Washington, D.C. – Senate Majority Leader Chuck Schumer (D-NY) today spoke on the Senate floor regarding the ouster of Representative Liz Cheney from the House Republican party leadership. Below are Senator Schumer’s remarks which can also be viewed here:
I’m not in the habit of commenting on the House Republican minority, but today, they have reached a new and very dangerous low point.
Earlier this morning, the House GOP ousted Rep. Liz Cheney from the party’s leadership.
Her crime? Telling the truth. Telling the truth that Joe Biden is the legitimate president of the United States, and that Donald Trump is lying when he says the election was stolen.
Congresswoman Cheney spoke truth to power, and for that, she’s been fired.
Make no mistake: the Congresswoman and I disagree on so many policy issues. But we both agree that truth matters. And she, like so many characters in history—I am thinking of Sir Thomas Moore—had the courage to tell the truth and paid a big price for it.
So this is sad. A very dark moment for the Republican Party. Republicans are seeking to perpetuate and act upon the big lie that the election was stolen, simply to placate the most dishonest president in American history.
This president lies at will. He doesn't care of the consequences for the future of our grand, great, and wonderful democracy. He only cares about himself and feeding his ego, and truth has nothing to do with that.
What happened matters a great deal, and what the president is trying to do hurts our country dramatically. The former president’s lies—right now are poisoning our democracy, eroding our faith in government, and exciting a plague—often nasty, sometimes racist—of voter suppression laws.

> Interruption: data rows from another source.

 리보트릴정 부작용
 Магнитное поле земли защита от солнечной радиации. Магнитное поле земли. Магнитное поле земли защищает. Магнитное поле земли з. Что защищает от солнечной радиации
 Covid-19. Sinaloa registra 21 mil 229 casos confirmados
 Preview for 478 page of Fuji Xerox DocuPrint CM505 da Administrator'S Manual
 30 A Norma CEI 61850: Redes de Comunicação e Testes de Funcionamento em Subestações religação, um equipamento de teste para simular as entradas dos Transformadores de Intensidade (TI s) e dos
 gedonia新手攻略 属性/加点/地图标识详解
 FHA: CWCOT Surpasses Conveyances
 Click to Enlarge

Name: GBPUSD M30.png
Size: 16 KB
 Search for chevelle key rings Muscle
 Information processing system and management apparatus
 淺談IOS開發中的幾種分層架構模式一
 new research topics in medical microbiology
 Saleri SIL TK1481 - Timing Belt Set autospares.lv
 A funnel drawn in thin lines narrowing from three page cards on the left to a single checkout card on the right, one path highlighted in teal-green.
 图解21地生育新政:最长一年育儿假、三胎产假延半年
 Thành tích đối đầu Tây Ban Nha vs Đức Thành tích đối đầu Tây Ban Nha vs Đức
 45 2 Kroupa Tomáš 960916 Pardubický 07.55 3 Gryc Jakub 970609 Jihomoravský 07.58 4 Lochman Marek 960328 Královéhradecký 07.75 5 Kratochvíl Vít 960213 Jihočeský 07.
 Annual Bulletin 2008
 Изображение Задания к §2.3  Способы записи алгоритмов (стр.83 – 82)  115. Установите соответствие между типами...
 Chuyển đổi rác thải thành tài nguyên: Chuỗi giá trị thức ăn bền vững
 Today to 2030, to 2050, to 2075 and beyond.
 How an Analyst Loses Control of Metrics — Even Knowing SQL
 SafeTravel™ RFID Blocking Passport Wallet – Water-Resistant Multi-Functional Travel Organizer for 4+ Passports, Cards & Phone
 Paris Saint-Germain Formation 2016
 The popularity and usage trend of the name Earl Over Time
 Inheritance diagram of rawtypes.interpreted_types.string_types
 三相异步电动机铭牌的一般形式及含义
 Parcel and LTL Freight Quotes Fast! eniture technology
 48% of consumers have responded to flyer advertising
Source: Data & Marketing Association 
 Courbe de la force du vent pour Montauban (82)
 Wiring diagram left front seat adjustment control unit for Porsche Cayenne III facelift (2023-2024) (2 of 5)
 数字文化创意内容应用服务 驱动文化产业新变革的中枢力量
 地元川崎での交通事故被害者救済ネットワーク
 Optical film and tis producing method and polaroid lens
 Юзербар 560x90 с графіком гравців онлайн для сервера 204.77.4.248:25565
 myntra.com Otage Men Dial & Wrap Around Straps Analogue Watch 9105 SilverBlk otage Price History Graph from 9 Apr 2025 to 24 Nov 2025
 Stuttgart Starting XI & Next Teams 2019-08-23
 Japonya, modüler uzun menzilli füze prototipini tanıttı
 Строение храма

I had thought that January 6th revealed the devastating consequences of the big lie. I thought that the invasion of our Capitol by an armed mob—a mob that sought to delay the peaceful transfer of power, a mob that I was within 15 or 20 feet of at one moment—would demonstrate to all of my colleagues, on both sides of the aisle and both ends of the Capitol, the awful price of Donald Trump’s lies.
But after a brief and all-too-short period of introspection, it appears that the big lie is no longer on the retreat among Republicans but instead is spreading like a cancer.
Far be it for me to tell House Republicans who should lead them, but it is truly a dangerous, dangerous sign of our times that the price of admission in today’s Republican Party is silence in the face of provable lies.